Cuando era estudiante, Silvio Cufré andaba por la calle pinchando naranjas con una jeringa. Al verlo, sus amigos del barrio lo llamaban para charlar en la esquina. “Dale, gordo”, insistían sin entender muy bien por qué se paseaba con una fruta. Pero él parecía ensimismado introduciendo la aguja una y otra vez. Para perder el miedo a aguijonear la piel, los estudiantes de enfermería suelen ensayar esta técnica que Cufré llegó a dominar con destreza. Con los años, no solo inyectaba sin provocar quejidos en los pacientes, sino que además era muy bueno aplicando vacunas a los bebés. Sus compañeros de trabajo solían admirar esa elegante pericia con la jeringa. Parte de su habilidad no solo estaba en el pulso firme, en la confianza en sí mismo, en aplicarla en el lugar correcto y con la profundidad adecuada. Sino sobre todo en su empatía, en saber jugar con los pequeños, en prepararlos con gracia. «No debe haber un niño en San Vicente que no tenga el sello de Silvio Cufré en su libreta de vacunación», asegura su colega Patricia Ayala, con quien trabajó varios años en las salas municipales de esa localidad.
Era padre de seis hijos, pero en casa también criaba a dos sobrinos. Todos dependían de él y durante un tiempo tuvo que trabajar dos turnos seguidos para mantenerlos. Entonces salía a las cuatro de la mañana y regresaba casi a la medianoche. Se sentaba a comer y se quedaba dormido en la mesa, pero jamás se quejaba. Hasta el último día, soportando un intenso dolor en la espalda, se presentó al trabajo. “Nunca dejó que las situaciones lo sobrepasaran. Eso es algo que no pude aprender de él, pero que admiraba mucho”, recuerda su hijo Matías, de 18 años.

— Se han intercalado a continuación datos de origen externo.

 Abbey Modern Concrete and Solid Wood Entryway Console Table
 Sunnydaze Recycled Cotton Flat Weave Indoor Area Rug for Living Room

Fue esa entereza la que le permitió proteger a su familia hace unos cinco años, cuando un vecino se emborrachó y descargó todas las balas de una pistola 9 milímetros sobre su casa. Era de madrugada y él ya estaba listo para salir a trabajar. Calmó a sus hijos varones. Abrazó a las más pequeñas. Esperó que el vecino se quedara sin balas. Luego llamó a la policía, salió a enfrentarlo y lo redujo. No entró en pánico, recuerda Matías. Después de controlar la situación, partió tranquilo a hacer la denuncia. No había sido un hecho aislado, sino una muestra más de su templanza. Esa misma cualidad con la que todos los días inyectaba suavemente la piel de sus pacientes.